Structure
Dependencies
Sapsan is a python-based framework. Dependencies can be associated with logical modules of the project. The core module does not have any particular dependencies as all classes are implemented using native Python. Lib modules relying heavily on PyTorch with a Catalyst wrapper, as well as scikit-learn for regression-based ML models. CLI module depends on the click library for implementing command line interfaces.

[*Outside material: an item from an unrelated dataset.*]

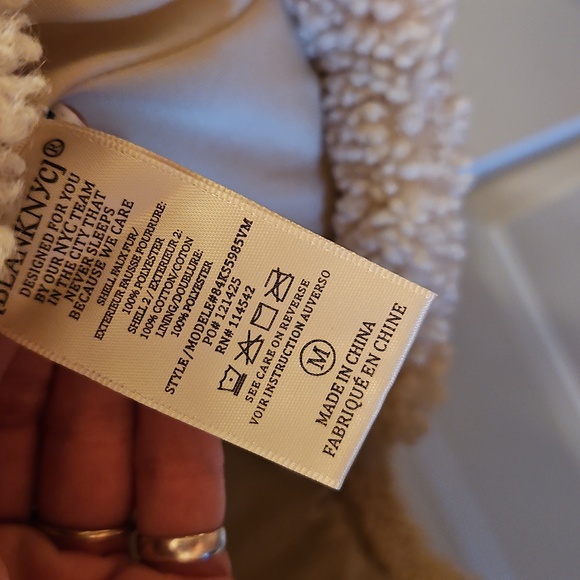 Blank NYC| Wide Wale Corduroy & Sherpa "Double Glazed" Coat| Sz L| Teddy, Cozy - Picture 6 of 11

Sapsan is integrated with MLflow to provide for easy and automatic tracking during the experiment stage, as well as saving the trained model. This gives direct access to run history and performance, which in turn gives the user ability to analyze and further tweak their model.
Structure & flexibility
To provide flexibility and scalability of the project a number of abstraction classes were introduced. Core abstractions include:
Core Abstraction | Description |
---|---|
Experiment | main abstraction which encapsulates execution of algorithms, experiments, tests, etc. |
Algorithm | a base class which all models are extended from |
BaseAlgorithm | base class for all algorithms that do not need to be trained and has only run method |
Estimator | an algorithm that has train and predict methods, like regression model or classifier |
Dataset | high level wrapped over dataset loaders |
Next Sapsan has utility abstractions responsible for all-things tracking:
Utility Abstractions | Description |
---|---|
Metric | a single instance of metric emitted during the experiment run |
Parameter | a parameter used in the experiment |
Artifact | artifacts for an algorithm (model weights, images, etc.) |
TrackingBackend | adapter for tracking systems to save metrics, parameters, and artifact |
The project is built around those abstractions to make it easier to reason about. In order to extend the project with new models/algorithms, the user will inherit from Estimator(or BaseAlgorithm) and implement required methods.